**DATA EXCERPT**
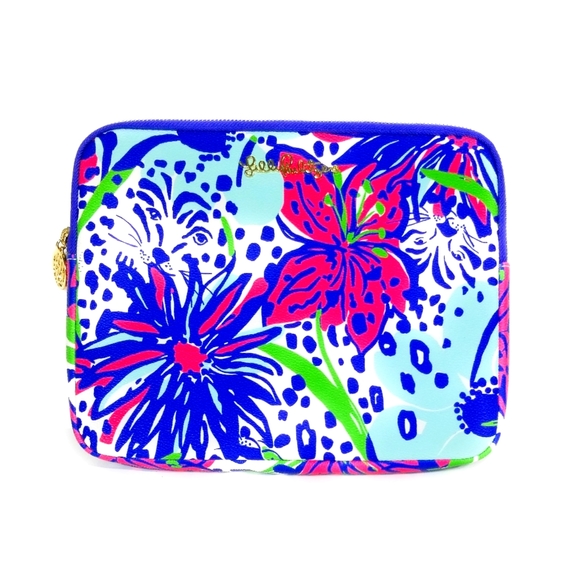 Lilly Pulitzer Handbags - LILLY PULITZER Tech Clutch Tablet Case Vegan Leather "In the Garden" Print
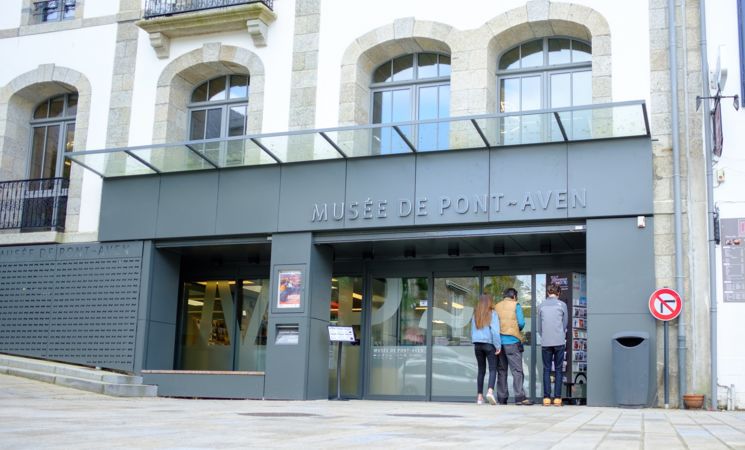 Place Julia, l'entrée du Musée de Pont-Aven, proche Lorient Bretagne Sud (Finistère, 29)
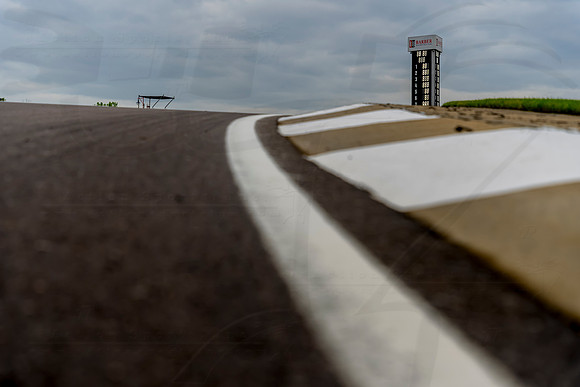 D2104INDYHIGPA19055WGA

**TO DO**
The pictures are to be omitted, and the rest of the listing is to be transcribed exactly.

**EXERCISE RESPONSE**
 Lilly Pulitzer Handbags - LILLY PULITZER Tech Clutch Tablet Case Vegan Leather "In the Garden" Print
 Place Julia, l'entrée du Musée de Pont-Aven, proche Lorient Bretagne Sud (Finistère, 29)
 D2104INDYHIGPA19055WGA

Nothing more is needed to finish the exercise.